§ **Problem to work on**
Give again, word for word, the lines below that run from the line with "Hypoxis hygrometrica (Hypoxis hygrometrica)" through the line with "Daisy, Daisy commune, pelouse, Daisy". Drop the pictures.

§ **Source data**
═══

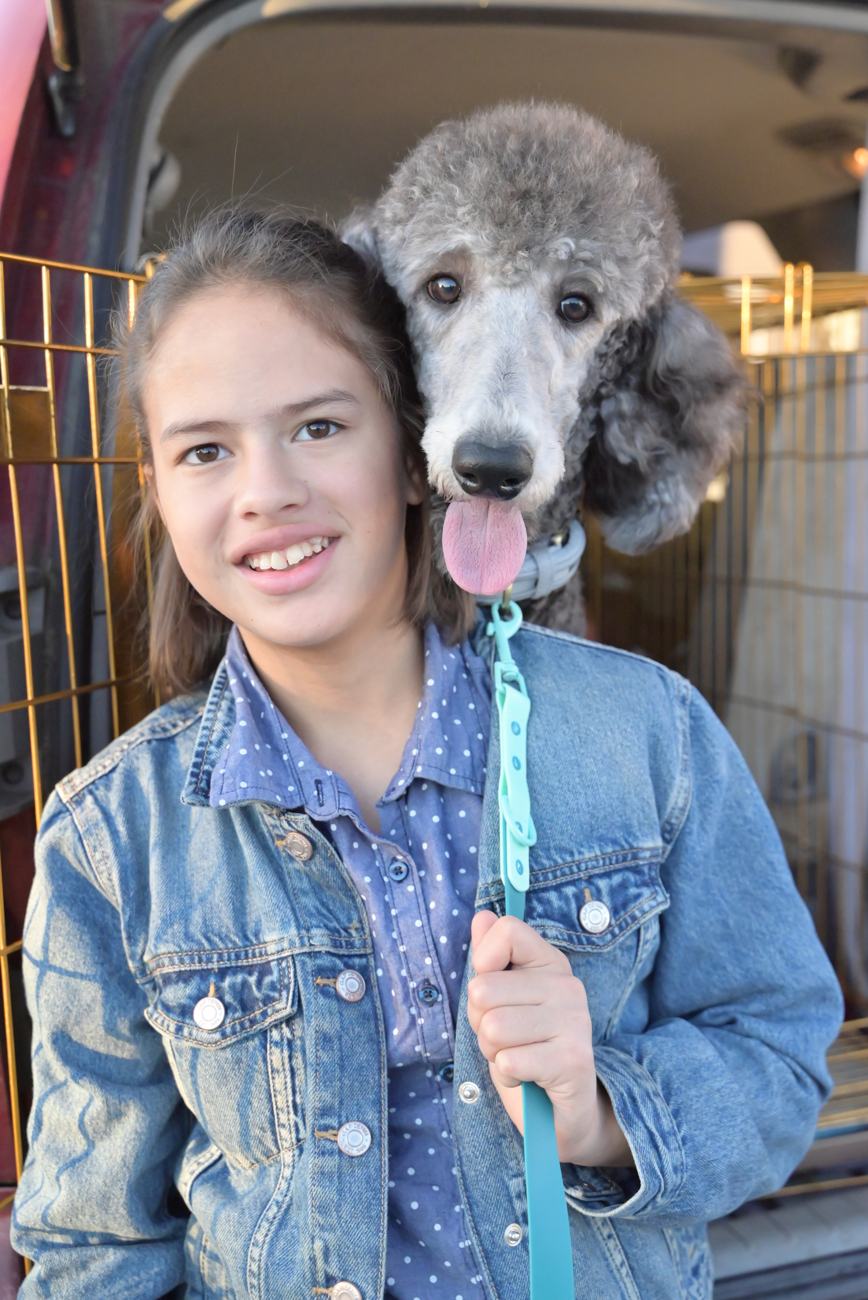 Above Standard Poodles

═══

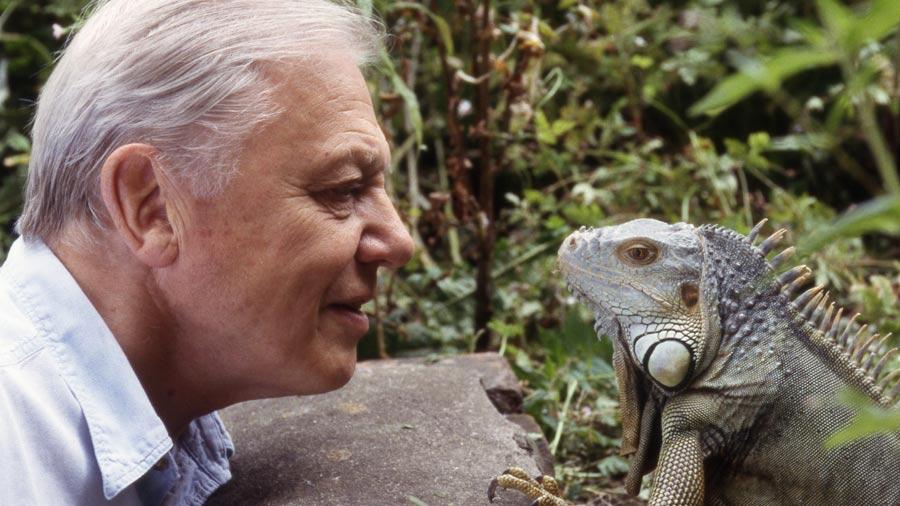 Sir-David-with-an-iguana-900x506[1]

═══

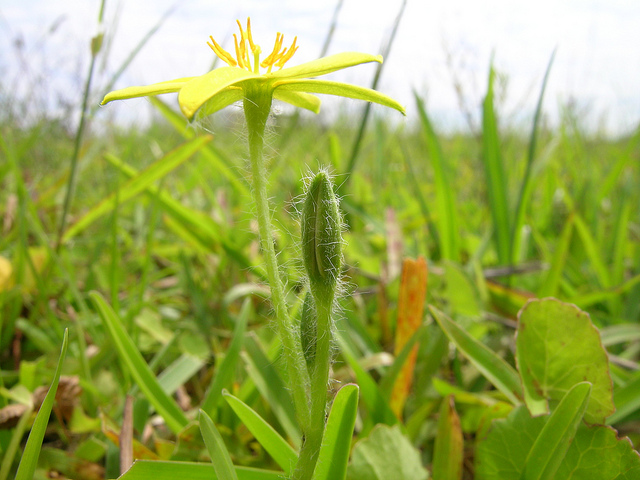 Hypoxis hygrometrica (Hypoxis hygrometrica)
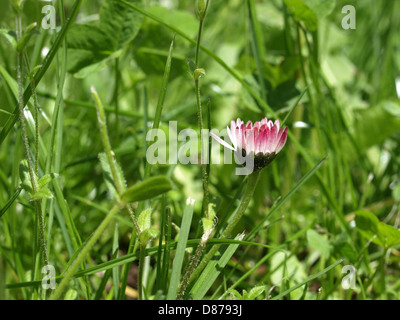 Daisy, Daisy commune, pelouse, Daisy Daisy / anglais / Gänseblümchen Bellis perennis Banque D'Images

═══

§ **Exercise answer**
 Hypoxis hygrometrica (Hypoxis hygrometrica)
 Daisy, Daisy commune, pelouse, Daisy Daisy / anglais / Gänseblümchen Bellis perennis Banque D'Images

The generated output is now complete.